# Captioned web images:
============

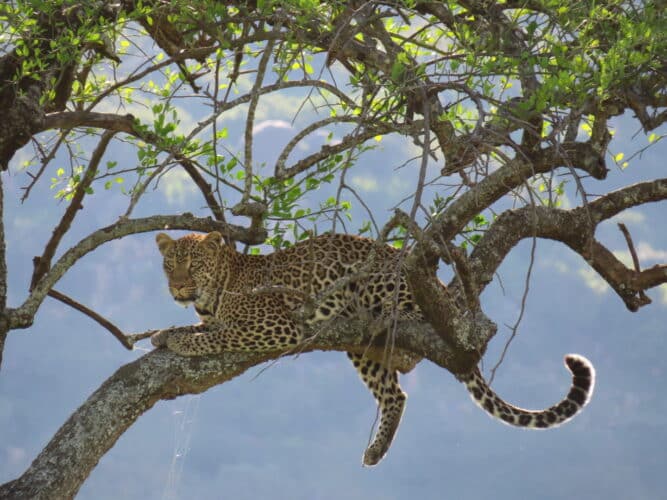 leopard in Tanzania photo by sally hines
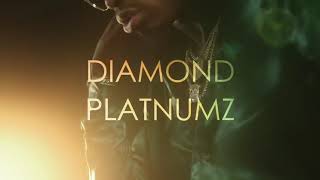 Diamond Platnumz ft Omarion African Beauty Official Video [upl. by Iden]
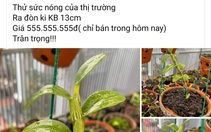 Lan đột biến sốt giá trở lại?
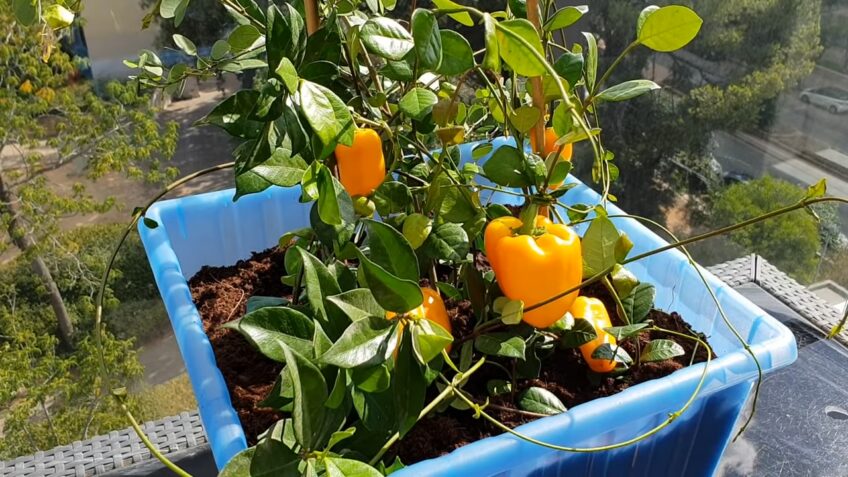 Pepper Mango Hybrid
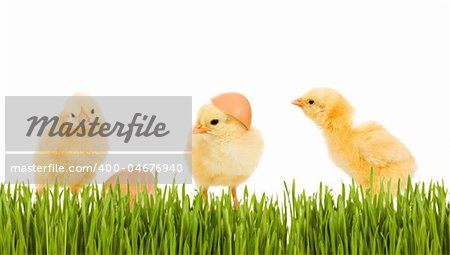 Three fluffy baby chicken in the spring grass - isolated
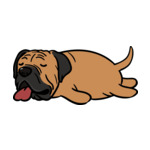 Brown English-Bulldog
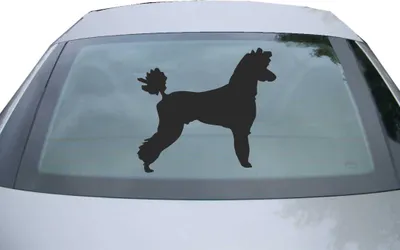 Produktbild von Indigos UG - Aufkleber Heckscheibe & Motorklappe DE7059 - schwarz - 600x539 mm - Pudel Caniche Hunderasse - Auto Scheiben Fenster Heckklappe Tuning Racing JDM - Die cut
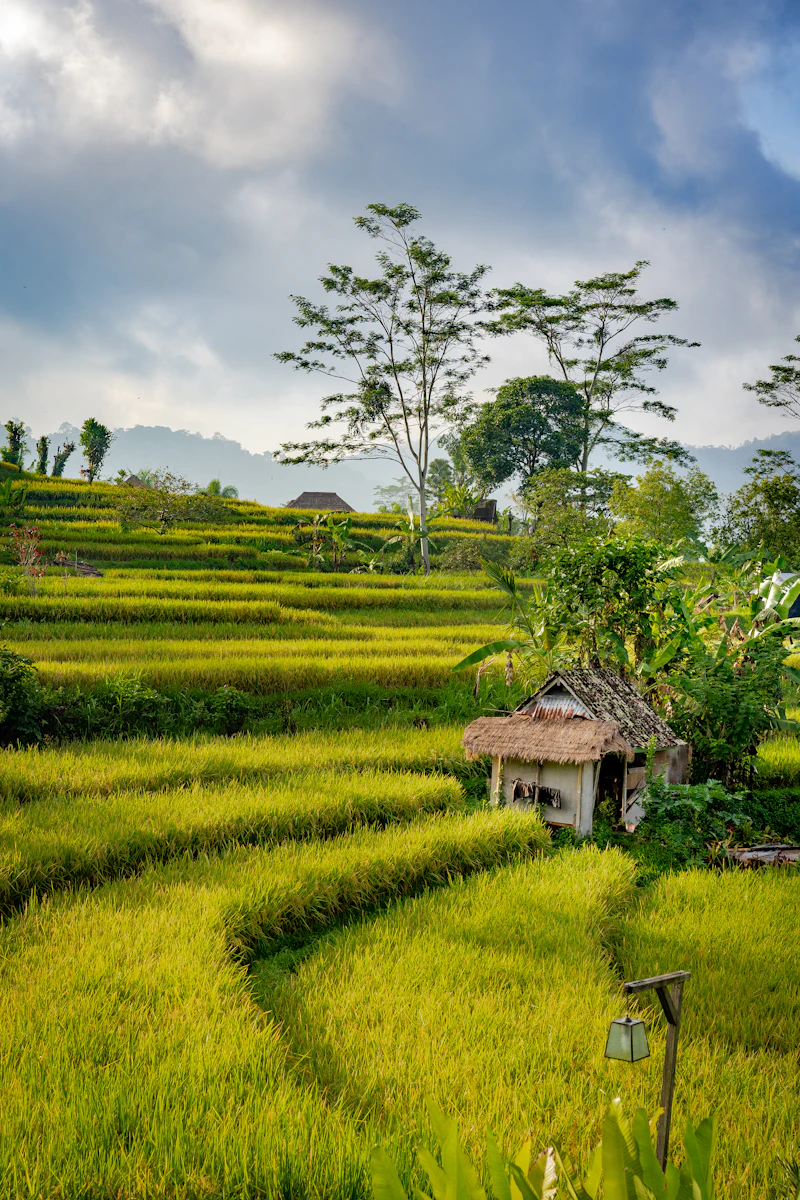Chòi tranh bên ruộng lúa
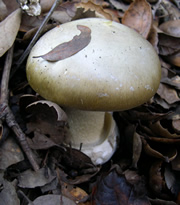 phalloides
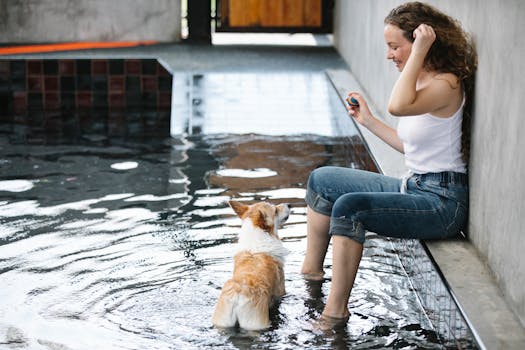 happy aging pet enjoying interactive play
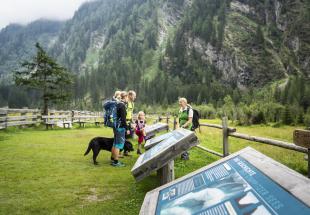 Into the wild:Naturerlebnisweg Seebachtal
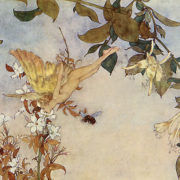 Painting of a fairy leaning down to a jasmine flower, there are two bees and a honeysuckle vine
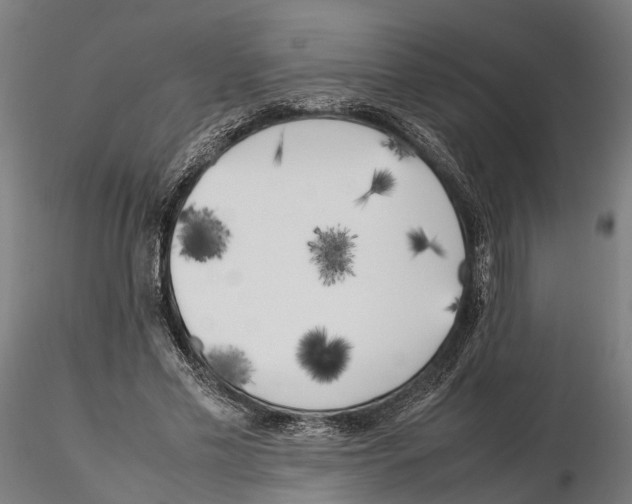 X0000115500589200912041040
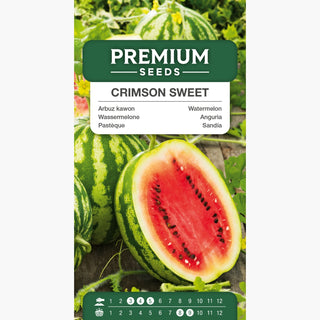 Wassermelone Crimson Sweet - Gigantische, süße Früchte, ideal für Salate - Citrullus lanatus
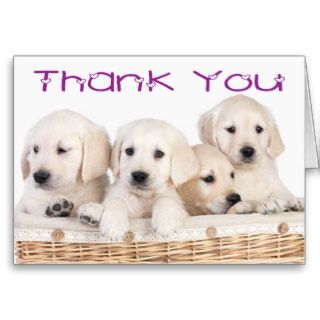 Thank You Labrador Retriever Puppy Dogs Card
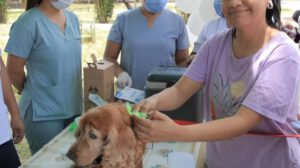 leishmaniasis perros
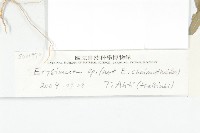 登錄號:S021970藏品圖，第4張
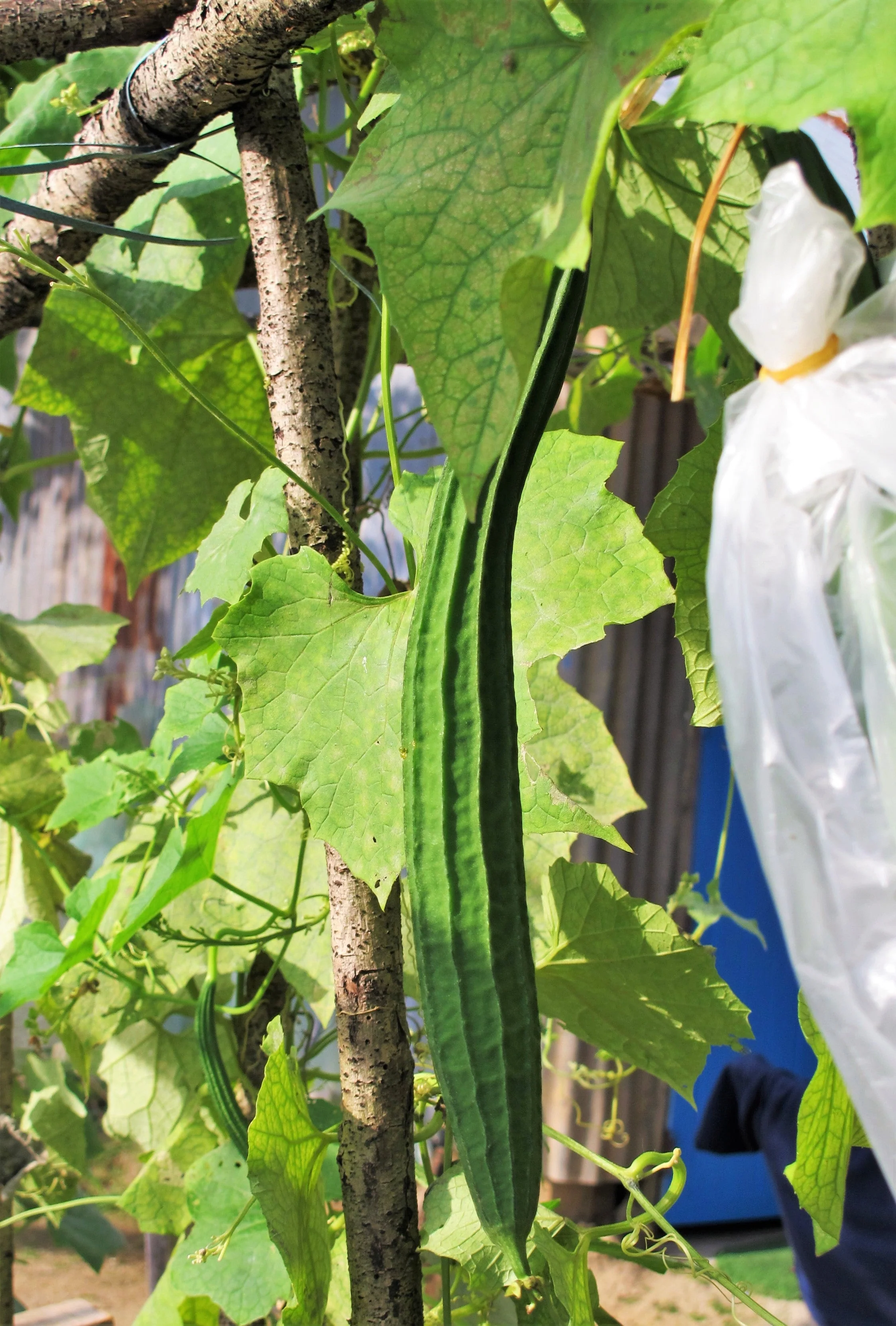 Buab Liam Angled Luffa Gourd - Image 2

============

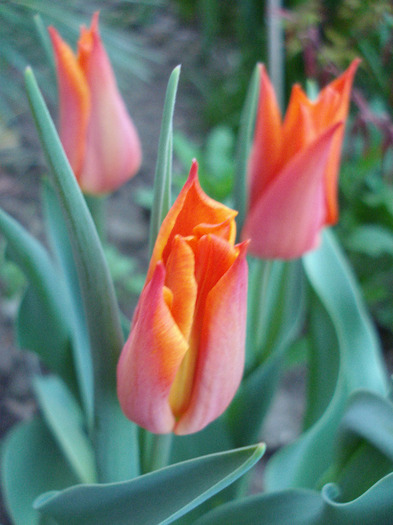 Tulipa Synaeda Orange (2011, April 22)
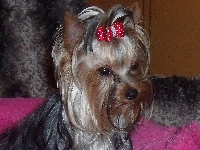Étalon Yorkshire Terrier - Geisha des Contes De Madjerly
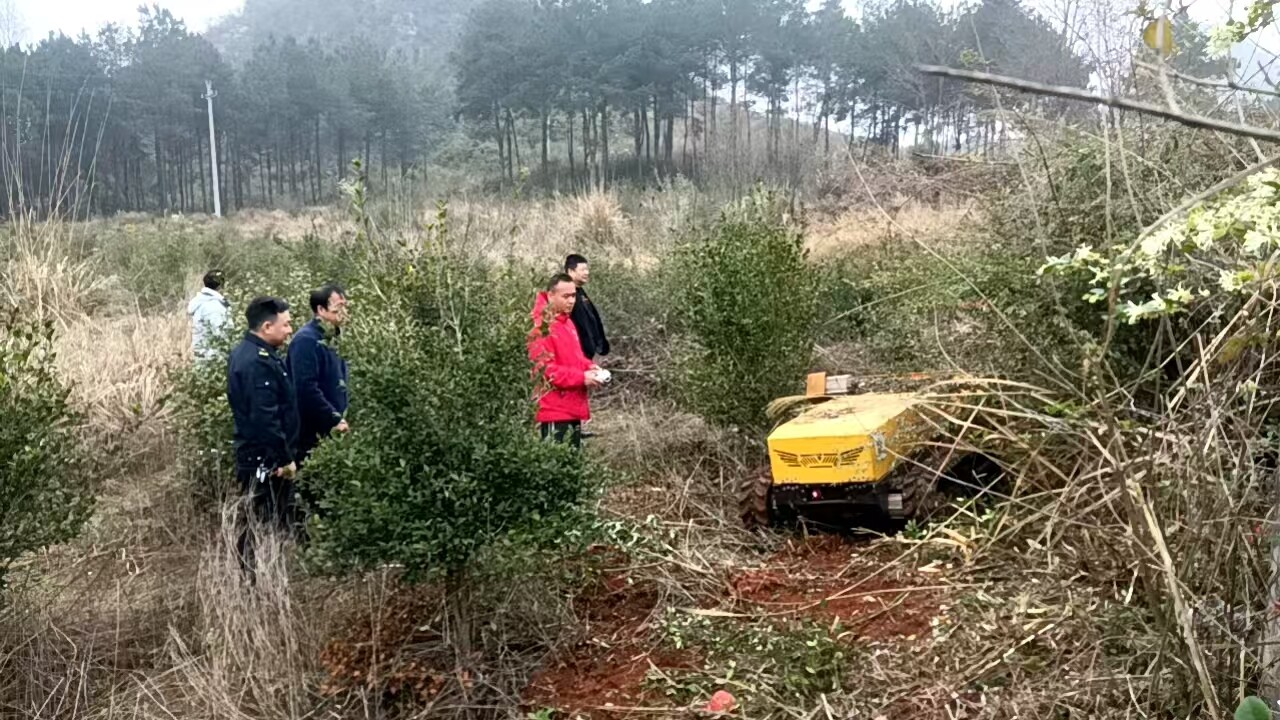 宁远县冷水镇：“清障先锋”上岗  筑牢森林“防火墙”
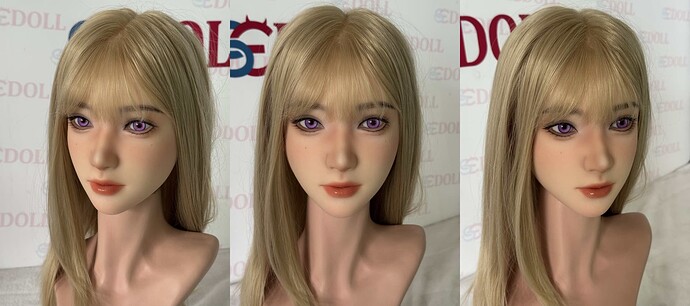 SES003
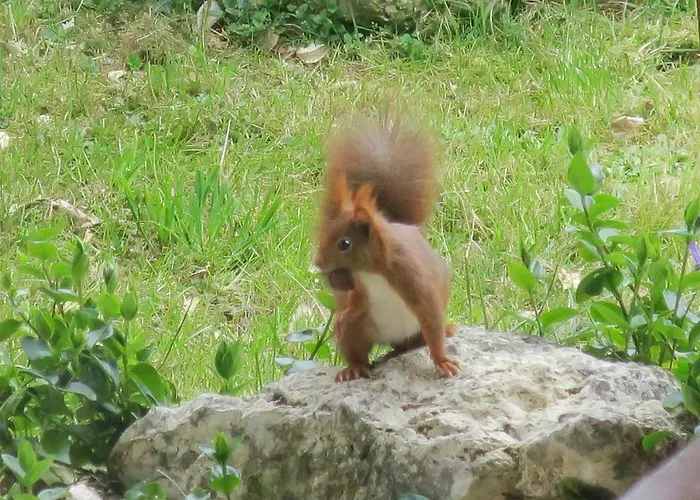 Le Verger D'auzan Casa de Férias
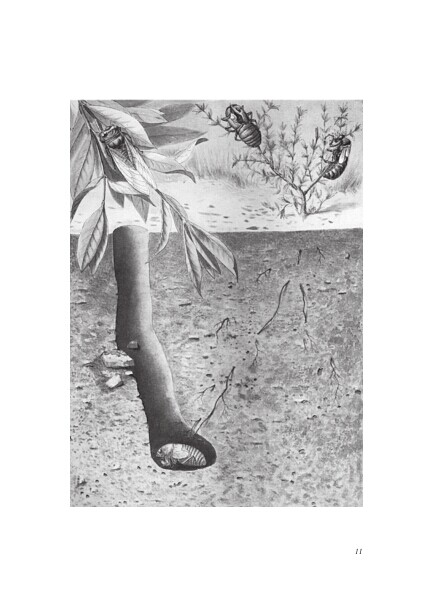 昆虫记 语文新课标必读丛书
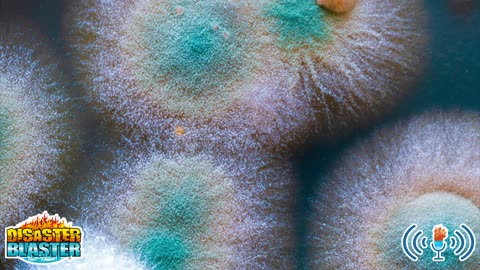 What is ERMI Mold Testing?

============

# EXERCISE DIRECTIONS:
After locating the line containing "登錄號:S021970藏品圖，第4張" in the entries above, return it and every line after it exactly, ending at the line containing "Buab Liam Angled Luffa Gourd - Image 2", without pictures.

# TASK RESPONSE:
 登錄號:S021970藏品圖，第4張
 Buab Liam Angled Luffa Gourd - Image 2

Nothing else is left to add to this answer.